- What is needed
In the listing below, find the line with "Here is a separate" and the line with "This is a variation". Repeat those two lines and all lines between them exactly.

--- --- ---

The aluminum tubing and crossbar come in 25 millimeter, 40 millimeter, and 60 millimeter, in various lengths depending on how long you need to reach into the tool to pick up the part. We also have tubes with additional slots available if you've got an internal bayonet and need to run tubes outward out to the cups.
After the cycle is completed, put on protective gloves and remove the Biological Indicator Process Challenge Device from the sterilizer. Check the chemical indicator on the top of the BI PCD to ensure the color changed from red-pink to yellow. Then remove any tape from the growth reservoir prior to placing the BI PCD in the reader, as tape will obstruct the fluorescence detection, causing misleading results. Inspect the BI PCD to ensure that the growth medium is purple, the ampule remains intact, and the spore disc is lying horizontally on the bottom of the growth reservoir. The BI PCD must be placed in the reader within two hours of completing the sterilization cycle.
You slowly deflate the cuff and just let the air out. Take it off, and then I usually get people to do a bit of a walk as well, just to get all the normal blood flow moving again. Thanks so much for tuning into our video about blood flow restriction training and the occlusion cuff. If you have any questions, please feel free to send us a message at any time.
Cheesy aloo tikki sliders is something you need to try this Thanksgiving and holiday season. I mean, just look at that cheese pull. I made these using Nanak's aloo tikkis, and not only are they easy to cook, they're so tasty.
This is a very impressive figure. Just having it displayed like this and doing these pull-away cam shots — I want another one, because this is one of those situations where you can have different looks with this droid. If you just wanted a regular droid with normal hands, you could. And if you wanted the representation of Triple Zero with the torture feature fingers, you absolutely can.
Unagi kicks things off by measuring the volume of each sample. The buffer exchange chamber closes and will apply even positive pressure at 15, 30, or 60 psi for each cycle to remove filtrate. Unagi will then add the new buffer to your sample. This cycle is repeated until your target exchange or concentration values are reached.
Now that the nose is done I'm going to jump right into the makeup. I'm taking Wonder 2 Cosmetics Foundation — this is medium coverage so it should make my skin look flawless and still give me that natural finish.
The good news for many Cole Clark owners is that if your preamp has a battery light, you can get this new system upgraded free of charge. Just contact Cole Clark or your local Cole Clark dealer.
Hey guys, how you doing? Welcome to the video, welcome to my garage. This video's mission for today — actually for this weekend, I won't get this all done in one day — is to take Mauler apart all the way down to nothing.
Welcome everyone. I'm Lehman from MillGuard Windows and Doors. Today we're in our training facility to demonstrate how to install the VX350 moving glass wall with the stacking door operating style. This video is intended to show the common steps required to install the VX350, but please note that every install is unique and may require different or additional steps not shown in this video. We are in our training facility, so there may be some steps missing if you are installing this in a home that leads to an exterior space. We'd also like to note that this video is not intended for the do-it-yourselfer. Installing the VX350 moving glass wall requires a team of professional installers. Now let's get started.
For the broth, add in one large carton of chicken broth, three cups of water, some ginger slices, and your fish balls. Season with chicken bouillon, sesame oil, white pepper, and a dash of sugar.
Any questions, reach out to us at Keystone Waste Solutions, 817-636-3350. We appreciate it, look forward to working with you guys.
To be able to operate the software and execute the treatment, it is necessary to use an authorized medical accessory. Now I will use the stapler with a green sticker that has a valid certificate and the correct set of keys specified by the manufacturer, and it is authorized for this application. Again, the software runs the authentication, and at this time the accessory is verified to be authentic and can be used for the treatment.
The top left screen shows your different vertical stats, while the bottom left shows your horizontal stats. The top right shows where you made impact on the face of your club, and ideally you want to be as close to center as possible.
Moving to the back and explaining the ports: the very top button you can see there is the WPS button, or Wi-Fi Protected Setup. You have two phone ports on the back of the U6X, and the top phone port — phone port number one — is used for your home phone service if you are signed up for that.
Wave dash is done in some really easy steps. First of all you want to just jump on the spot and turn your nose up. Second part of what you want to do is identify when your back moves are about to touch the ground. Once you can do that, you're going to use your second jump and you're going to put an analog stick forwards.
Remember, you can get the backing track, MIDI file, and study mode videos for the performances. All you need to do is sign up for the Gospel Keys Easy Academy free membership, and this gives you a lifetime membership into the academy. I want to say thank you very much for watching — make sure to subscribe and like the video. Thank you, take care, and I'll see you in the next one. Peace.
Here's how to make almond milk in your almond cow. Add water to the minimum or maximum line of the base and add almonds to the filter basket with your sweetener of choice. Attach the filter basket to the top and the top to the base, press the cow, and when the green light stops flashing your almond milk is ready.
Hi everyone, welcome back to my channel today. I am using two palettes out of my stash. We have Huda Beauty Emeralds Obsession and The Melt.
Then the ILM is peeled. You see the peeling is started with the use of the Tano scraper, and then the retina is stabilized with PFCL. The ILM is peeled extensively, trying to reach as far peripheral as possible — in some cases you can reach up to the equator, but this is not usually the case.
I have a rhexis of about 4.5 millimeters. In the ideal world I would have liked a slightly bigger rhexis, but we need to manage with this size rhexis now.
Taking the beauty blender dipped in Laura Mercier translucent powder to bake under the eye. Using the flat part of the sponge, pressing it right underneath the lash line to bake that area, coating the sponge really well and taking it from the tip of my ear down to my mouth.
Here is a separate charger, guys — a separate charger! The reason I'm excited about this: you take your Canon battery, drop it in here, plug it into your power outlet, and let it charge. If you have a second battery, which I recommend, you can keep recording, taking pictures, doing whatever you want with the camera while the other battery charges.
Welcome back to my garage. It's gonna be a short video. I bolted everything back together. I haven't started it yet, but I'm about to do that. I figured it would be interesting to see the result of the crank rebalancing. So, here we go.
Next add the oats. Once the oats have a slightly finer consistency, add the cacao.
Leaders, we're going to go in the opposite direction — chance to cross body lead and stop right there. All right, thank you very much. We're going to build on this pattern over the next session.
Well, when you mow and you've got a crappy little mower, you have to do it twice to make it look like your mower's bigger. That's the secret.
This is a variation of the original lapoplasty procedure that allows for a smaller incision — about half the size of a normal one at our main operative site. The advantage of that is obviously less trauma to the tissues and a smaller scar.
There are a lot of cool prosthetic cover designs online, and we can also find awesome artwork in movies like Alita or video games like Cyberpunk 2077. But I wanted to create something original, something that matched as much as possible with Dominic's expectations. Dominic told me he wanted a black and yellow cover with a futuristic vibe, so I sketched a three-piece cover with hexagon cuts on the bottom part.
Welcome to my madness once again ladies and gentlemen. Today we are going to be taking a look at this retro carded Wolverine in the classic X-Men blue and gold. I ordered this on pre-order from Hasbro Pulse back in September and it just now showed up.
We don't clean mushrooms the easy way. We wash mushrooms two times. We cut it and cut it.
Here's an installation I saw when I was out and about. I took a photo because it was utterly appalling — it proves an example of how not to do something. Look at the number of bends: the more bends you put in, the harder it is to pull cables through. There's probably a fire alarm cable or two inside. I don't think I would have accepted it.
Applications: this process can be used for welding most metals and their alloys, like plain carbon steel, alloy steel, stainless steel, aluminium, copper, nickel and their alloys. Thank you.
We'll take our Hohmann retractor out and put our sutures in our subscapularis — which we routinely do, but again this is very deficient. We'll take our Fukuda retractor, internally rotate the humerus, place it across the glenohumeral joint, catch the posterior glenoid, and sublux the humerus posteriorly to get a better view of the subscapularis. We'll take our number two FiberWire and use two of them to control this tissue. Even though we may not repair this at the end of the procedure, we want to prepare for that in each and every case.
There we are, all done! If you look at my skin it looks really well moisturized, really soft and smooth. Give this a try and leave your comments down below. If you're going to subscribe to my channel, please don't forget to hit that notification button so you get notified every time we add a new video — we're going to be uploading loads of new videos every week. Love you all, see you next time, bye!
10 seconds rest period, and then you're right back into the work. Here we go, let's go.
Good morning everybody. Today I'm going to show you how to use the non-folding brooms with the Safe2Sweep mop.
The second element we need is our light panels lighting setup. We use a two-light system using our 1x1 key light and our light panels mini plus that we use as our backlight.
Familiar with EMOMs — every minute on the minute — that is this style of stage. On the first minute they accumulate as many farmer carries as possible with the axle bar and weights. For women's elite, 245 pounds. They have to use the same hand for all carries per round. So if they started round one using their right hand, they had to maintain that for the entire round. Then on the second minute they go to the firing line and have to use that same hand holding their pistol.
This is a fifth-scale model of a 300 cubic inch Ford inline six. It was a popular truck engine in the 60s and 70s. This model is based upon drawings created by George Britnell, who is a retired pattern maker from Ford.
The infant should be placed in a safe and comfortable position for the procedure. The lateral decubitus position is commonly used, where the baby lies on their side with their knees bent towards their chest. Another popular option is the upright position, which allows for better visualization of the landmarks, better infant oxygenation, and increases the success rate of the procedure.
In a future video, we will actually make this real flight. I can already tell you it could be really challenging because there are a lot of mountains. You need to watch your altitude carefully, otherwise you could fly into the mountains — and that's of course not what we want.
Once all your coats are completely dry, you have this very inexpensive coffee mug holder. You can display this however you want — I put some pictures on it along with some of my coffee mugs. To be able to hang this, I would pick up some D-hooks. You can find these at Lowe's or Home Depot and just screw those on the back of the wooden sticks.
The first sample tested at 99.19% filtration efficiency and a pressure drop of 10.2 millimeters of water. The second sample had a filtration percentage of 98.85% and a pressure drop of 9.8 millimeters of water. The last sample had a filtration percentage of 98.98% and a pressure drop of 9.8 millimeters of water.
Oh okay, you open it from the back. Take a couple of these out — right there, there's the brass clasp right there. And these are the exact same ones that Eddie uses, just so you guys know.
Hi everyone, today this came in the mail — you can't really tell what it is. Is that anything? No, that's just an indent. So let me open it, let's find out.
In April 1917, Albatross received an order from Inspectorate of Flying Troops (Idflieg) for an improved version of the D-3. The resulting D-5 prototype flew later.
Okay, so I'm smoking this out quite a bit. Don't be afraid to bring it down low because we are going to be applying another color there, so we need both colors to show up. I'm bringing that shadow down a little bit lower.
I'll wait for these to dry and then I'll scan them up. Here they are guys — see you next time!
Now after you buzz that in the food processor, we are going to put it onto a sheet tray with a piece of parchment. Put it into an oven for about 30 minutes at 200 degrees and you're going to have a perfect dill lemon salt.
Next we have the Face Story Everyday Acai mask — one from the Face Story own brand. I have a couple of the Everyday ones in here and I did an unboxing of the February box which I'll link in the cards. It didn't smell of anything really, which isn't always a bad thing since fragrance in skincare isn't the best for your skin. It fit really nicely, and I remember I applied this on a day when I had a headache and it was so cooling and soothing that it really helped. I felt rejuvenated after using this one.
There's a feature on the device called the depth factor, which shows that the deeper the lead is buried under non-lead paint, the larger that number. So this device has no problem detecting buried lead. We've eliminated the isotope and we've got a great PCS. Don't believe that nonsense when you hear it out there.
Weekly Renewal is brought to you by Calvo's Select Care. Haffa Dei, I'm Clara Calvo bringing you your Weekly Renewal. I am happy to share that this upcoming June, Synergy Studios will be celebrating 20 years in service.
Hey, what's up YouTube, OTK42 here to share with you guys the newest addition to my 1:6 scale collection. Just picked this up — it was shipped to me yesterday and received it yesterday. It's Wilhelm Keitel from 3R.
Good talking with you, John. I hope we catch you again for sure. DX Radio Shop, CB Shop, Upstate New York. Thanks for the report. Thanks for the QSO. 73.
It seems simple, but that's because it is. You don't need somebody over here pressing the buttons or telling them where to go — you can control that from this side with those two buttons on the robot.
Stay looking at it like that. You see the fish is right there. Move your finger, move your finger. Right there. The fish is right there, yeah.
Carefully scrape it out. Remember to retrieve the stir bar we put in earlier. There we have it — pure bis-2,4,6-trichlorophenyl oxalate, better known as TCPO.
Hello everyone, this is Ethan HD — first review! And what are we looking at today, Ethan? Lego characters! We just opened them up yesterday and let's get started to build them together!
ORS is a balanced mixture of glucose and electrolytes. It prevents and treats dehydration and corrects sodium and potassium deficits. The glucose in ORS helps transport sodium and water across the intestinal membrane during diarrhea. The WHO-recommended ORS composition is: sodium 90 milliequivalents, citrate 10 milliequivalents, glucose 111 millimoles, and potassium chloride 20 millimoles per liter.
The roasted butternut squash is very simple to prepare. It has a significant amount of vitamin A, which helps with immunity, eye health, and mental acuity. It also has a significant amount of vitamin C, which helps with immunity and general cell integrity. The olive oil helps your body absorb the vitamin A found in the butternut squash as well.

--- --- ---

- Result for this task
Here is a separate charger, guys — a separate charger! The reason I'm excited about this: you take your Canon battery, drop it in here, plug it into your power outlet, and let it charge. If you have a second battery, which I recommend, you can keep recording, taking pictures, doing whatever you want with the camera while the other battery charges.
Welcome back to my garage. It's gonna be a short video. I bolted everything back together. I haven't started it yet, but I'm about to do that. I figured it would be interesting to see the result of the crank rebalancing. So, here we go.
Next add the oats. Once the oats have a slightly finer consistency, add the cacao.
Leaders, we're going to go in the opposite direction — chance to cross body lead and stop right there. All right, thank you very much. We're going to build on this pattern over the next session.
Well, when you mow and you've got a crappy little mower, you have to do it twice to make it look like your mower's bigger. That's the secret.
This is a variation of the original lapoplasty procedure that allows for a smaller incision — about half the size of a normal one at our main operative site. The advantage of that is obviously less trauma to the tissues and a smaller scar.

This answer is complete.